*** Material to process ***

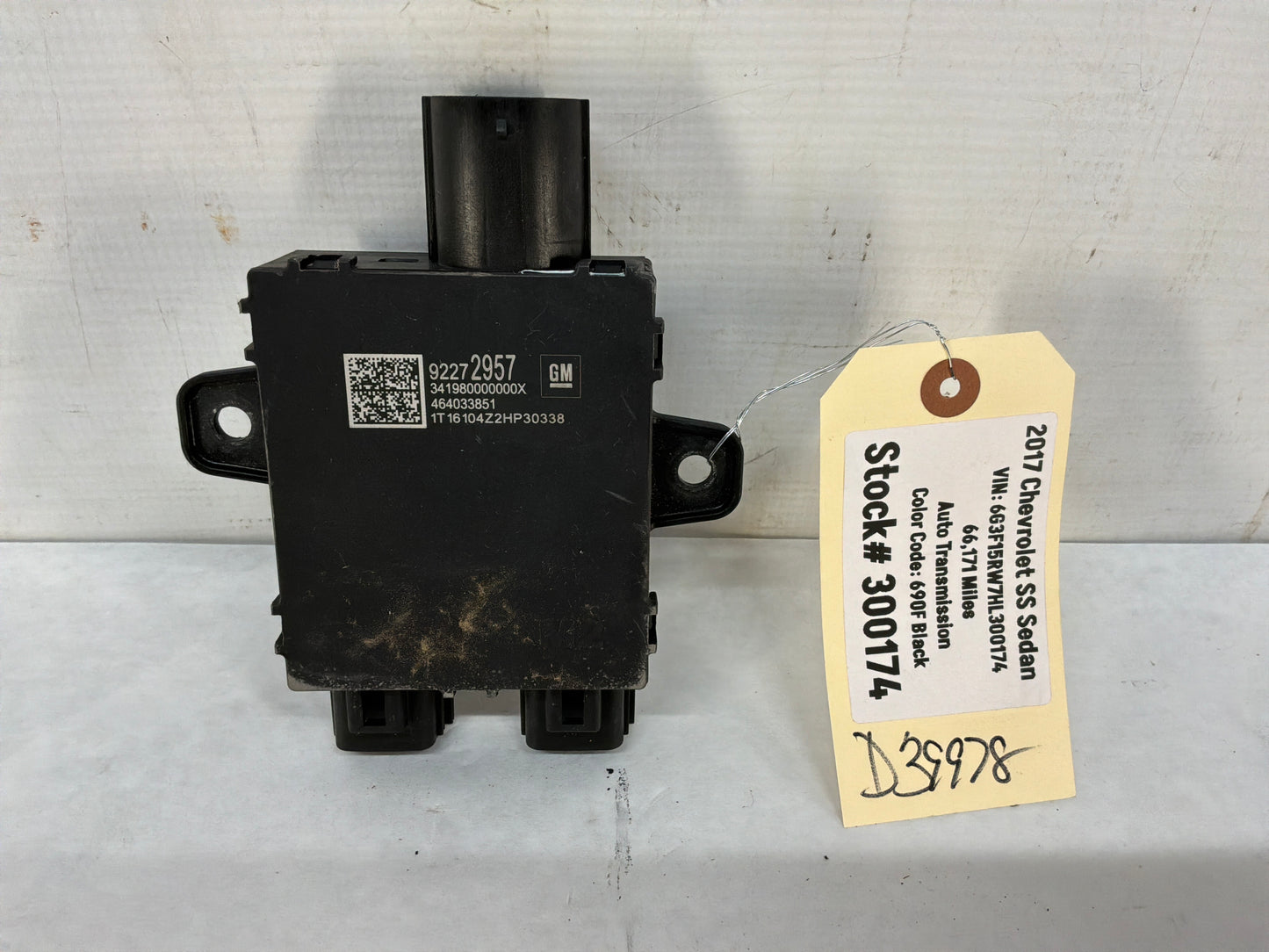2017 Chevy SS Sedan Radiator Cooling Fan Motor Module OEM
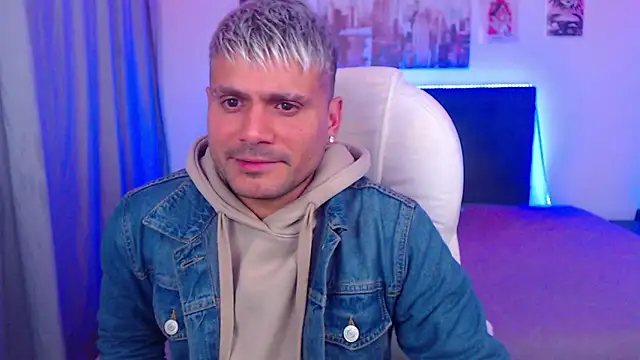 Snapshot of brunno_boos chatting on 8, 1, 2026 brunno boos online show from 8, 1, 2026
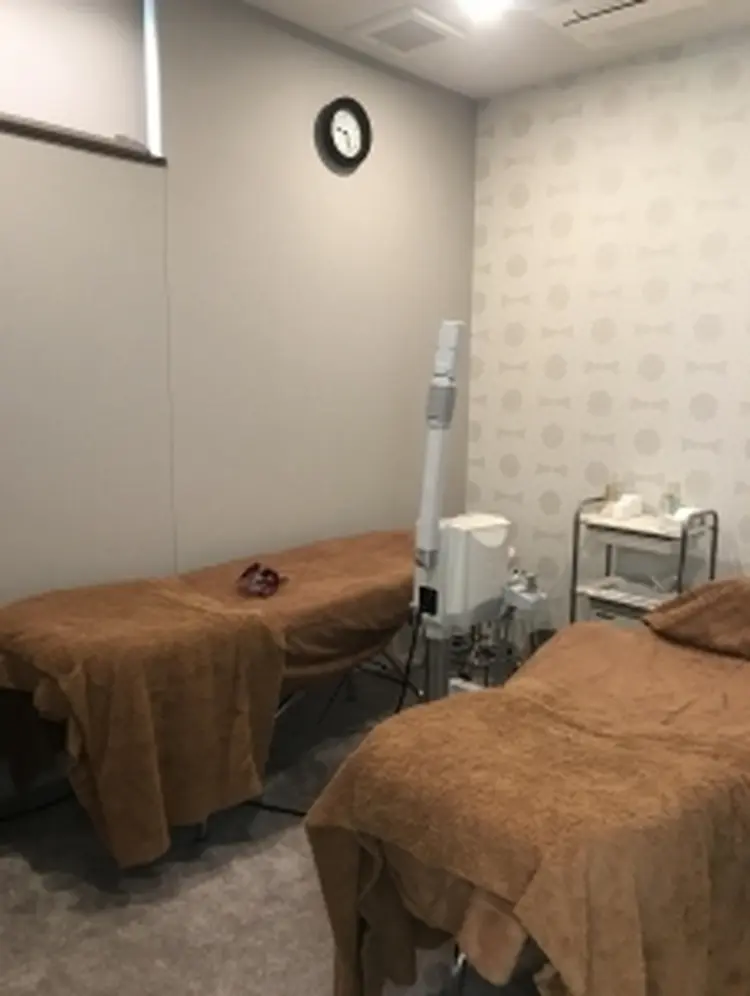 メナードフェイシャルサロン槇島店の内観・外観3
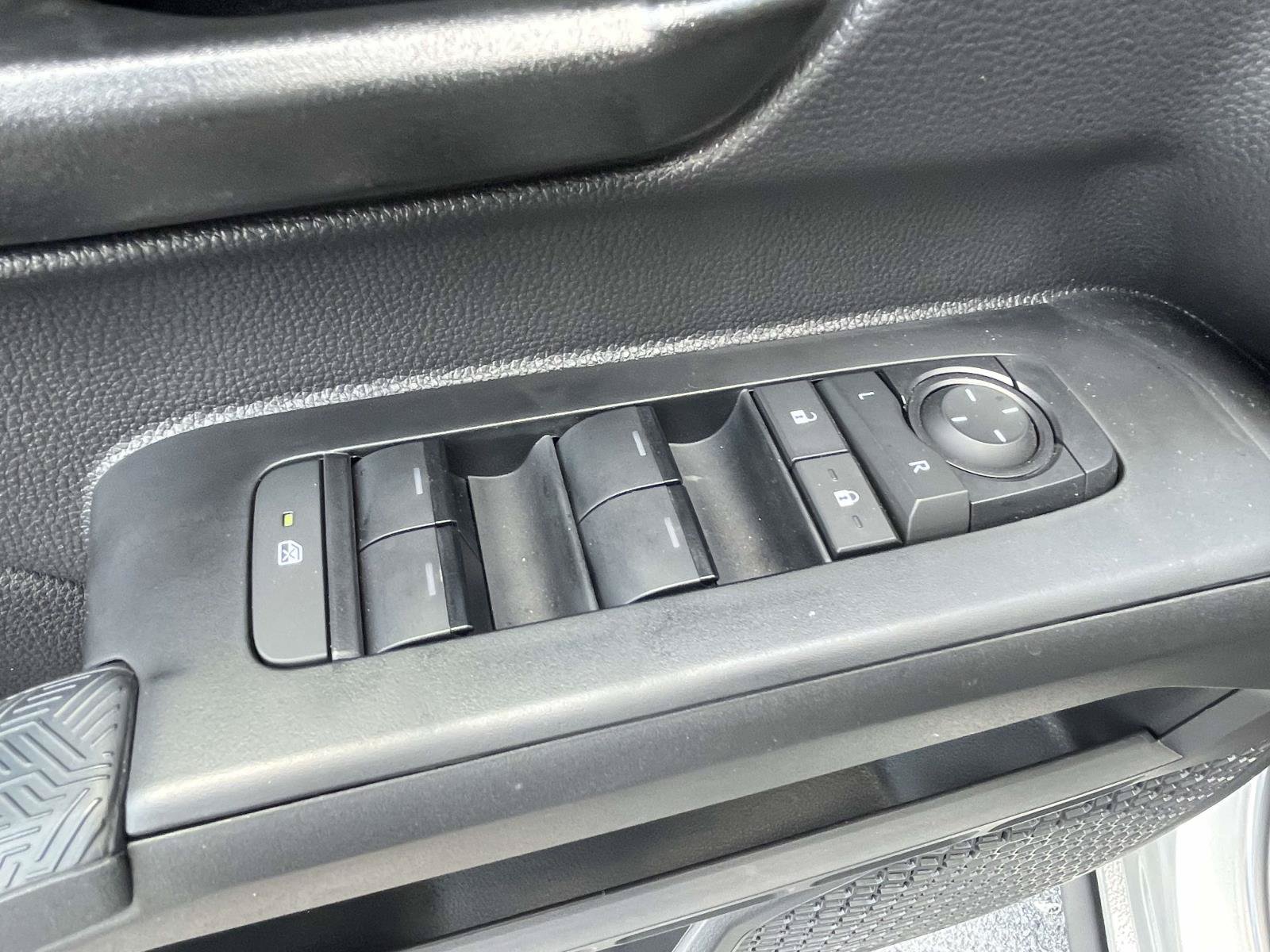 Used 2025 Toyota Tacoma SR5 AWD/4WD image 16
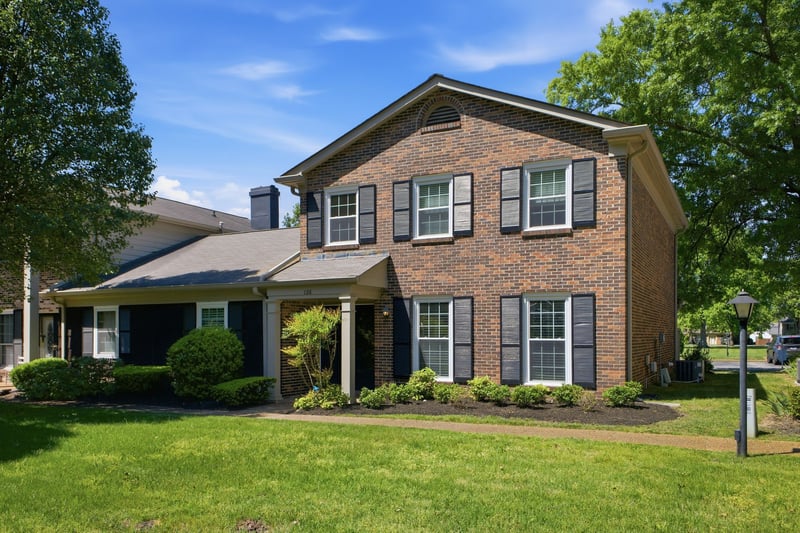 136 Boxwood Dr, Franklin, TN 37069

*** End of Material to process ***

* **Required action**: Transcribe all of the records above exactly; no image should appear in what you write.

* **Completed task**:
2017 Chevy SS Sedan Radiator Cooling Fan Motor Module OEM
 Snapshot of brunno_boos chatting on 8, 1, 2026 brunno boos online show from 8, 1, 2026
 メナードフェイシャルサロン槇島店の内観・外観3
 Used 2025 Toyota Tacoma SR5 AWD/4WD image 16
 136 Boxwood Dr, Franklin, TN 37069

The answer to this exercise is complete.